Top of Material provided

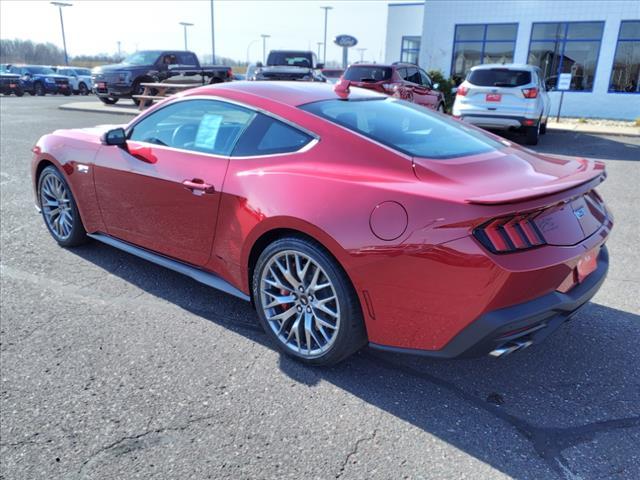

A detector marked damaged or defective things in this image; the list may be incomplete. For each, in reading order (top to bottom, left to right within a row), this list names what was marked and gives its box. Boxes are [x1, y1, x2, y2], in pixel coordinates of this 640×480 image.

pavement crack [336, 430, 376, 478]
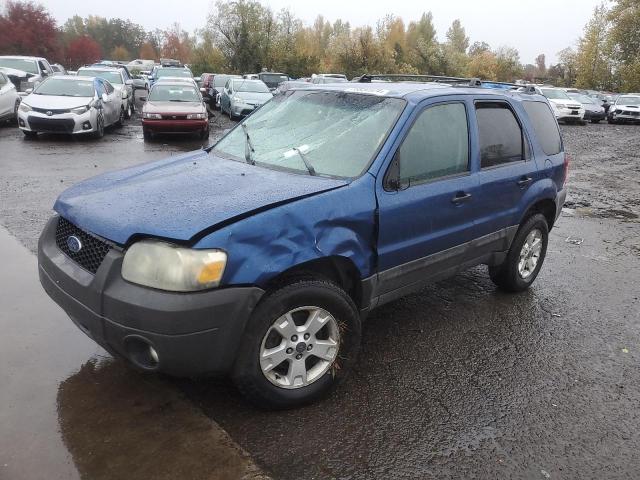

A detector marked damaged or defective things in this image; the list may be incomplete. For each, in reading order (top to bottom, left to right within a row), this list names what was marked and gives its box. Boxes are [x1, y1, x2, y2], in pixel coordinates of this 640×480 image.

damaged hood [53, 150, 348, 246]
damaged front fender [192, 176, 378, 288]
wrecked vehicle [37, 79, 564, 408]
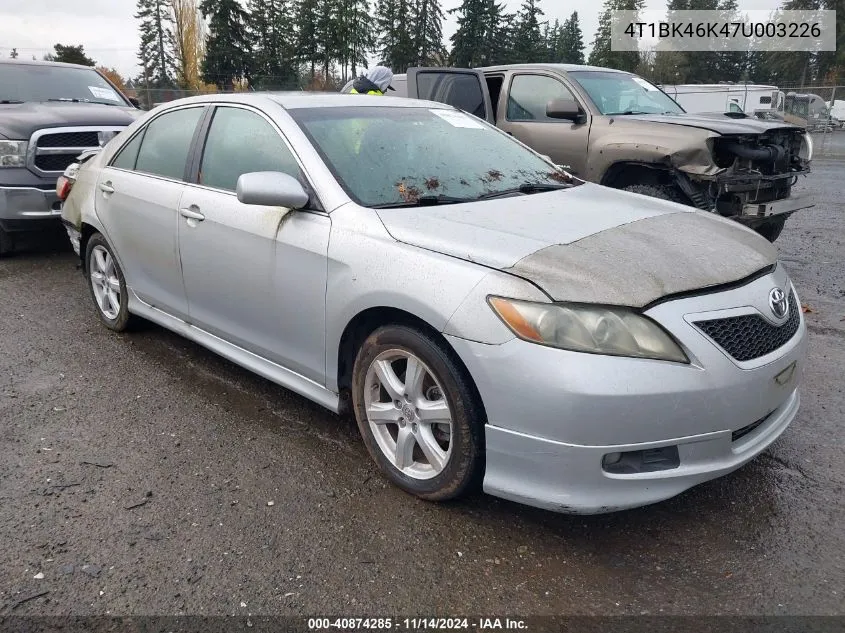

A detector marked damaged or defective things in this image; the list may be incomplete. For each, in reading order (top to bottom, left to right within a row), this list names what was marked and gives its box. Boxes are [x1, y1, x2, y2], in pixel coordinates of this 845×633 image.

damaged pickup truck [380, 64, 812, 242]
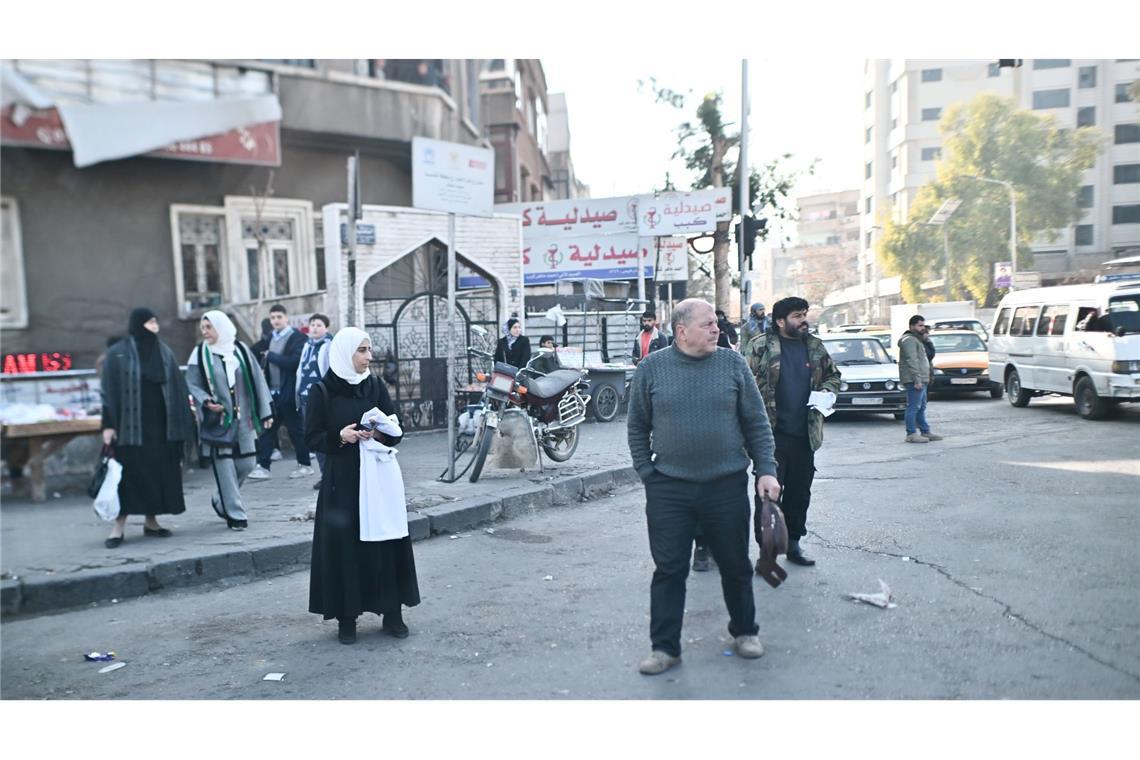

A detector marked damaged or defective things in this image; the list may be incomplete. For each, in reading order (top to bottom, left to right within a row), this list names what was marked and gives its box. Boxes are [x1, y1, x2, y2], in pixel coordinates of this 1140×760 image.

road surface crack [811, 533, 1140, 688]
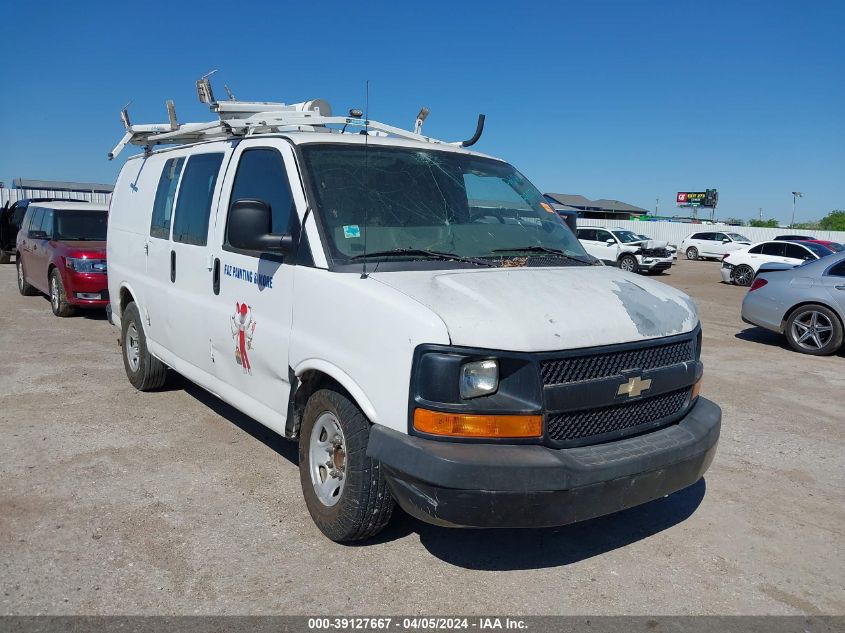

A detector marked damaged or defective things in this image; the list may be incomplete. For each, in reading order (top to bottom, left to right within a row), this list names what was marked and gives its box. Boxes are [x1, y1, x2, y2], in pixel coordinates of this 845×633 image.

cracked windshield [302, 144, 588, 266]
peeling paint on hood [370, 266, 700, 354]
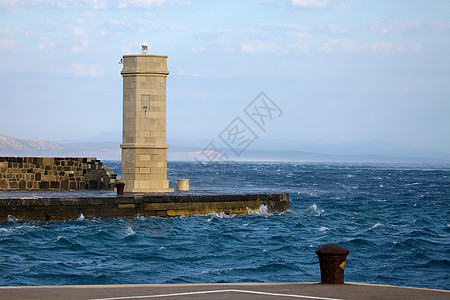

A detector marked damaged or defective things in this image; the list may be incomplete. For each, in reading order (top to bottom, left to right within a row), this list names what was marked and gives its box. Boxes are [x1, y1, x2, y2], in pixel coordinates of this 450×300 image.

rusty metal bollard [314, 244, 350, 284]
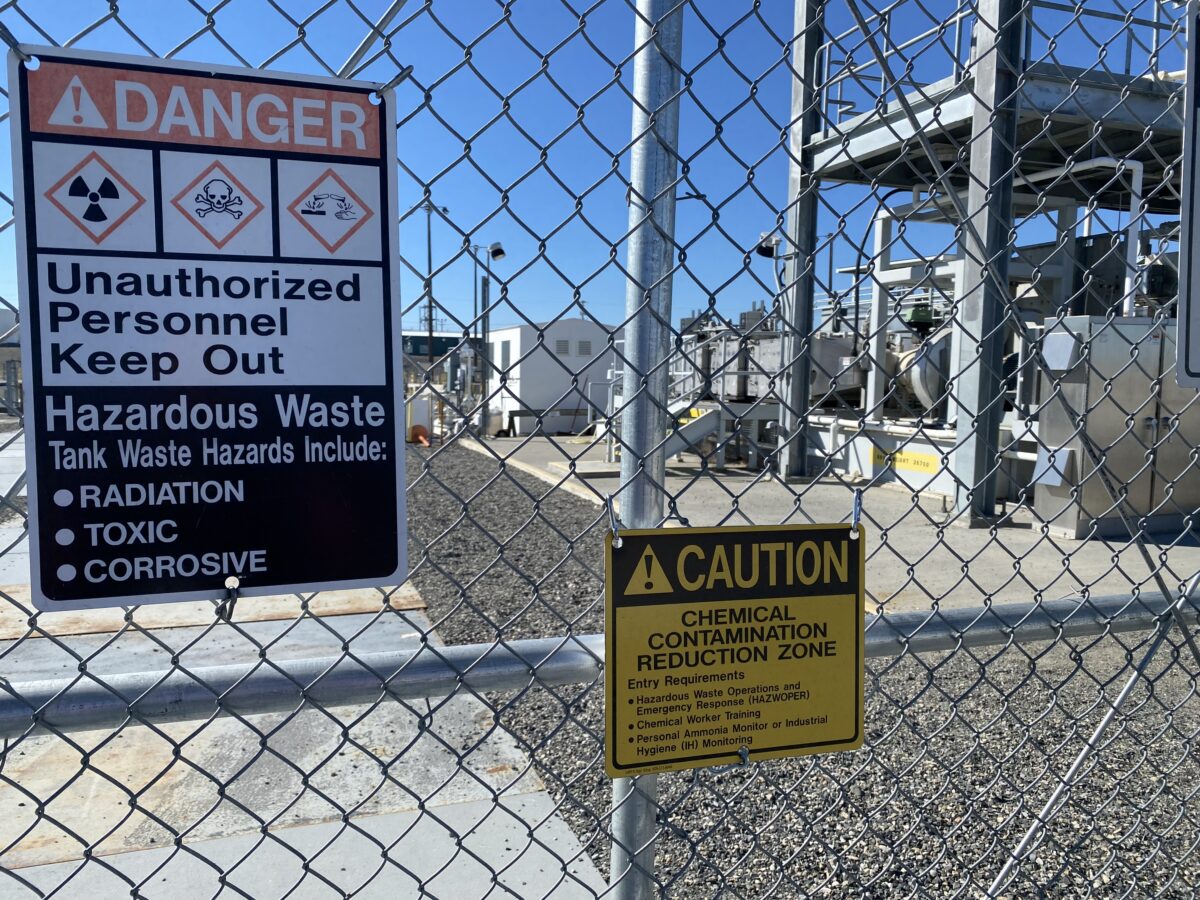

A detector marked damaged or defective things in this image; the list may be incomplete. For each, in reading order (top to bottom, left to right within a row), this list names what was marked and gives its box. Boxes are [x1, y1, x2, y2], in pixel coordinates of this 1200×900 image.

corrosion hazard pictogram [45, 151, 144, 244]
corrosion hazard pictogram [171, 162, 265, 250]
corrosion hazard pictogram [288, 168, 372, 254]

Bottom of Material provided

* **Work item**:
With the pictures excluded, the records are to be reproduced exactly.

* **Exercise answer**:
A detector marked damaged or defective things in this image; the list may be incomplete. For each, in reading order (top to bottom, left to right within a row), this list names what was marked and gives its box. Boxes are [x1, y1, x2, y2], in pixel coordinates of this 640×480 image.

pavement crack [336, 430, 376, 478]

A detector marked damaged or defective things in this image; the list may be incomplete. For each, in reading order (top to bottom, left to right within a row), this list names what was marked and gives its box. Boxes are [x1, y1, x2, y2], in pixel coordinates of this 640×480 image.

damaged hood [53, 150, 348, 246]
damaged front fender [192, 176, 378, 288]
wrecked vehicle [37, 79, 564, 408]

A detector marked damaged or defective things in this image; the list may be incomplete. For each, in reading order (top to bottom, left to right within a row), this list names what was marked and gives its box. Boxes are [x1, y1, x2, y2], in pixel coordinates of this 845×633 image.

damaged pickup truck [380, 64, 812, 242]

A detector marked damaged or defective things in this image; the list may be incomplete. For each, in reading order (top to bottom, left to right within a row), this list names what was marked and gives its box. Boxes are [x1, y1, x2, y2], in pixel coordinates of this 1140×760 image.

road surface crack [811, 533, 1140, 688]

A detector marked damaged or defective things in this image; the list may be incomplete. For each, in reading order (top to bottom, left to right within a row), this list names what was marked and gives its box. Boxes are [x1, y1, x2, y2], in pixel coordinates of this 845×633 image.

cracked windshield [302, 144, 588, 266]
peeling paint on hood [370, 266, 700, 354]

A detector marked damaged or defective things in this image; the list may be incomplete. For each, in reading order (top to bottom, left to right within a row), this list names what was marked and gives its box. Boxes are [x1, y1, x2, y2], in pixel coordinates of this 450×300 image.

rusty metal bollard [314, 244, 350, 284]

A detector marked damaged or defective things in this image; the list may be incomplete. For each, in reading order (top to bottom, left to right within a row), this list names what was marked and gives its box. Boxes are [x1, y1, x2, y2], in pixel coordinates of this 1200×900 image.

corrosion hazard pictogram [45, 151, 144, 244]
corrosion hazard pictogram [171, 162, 265, 250]
corrosion hazard pictogram [288, 168, 372, 254]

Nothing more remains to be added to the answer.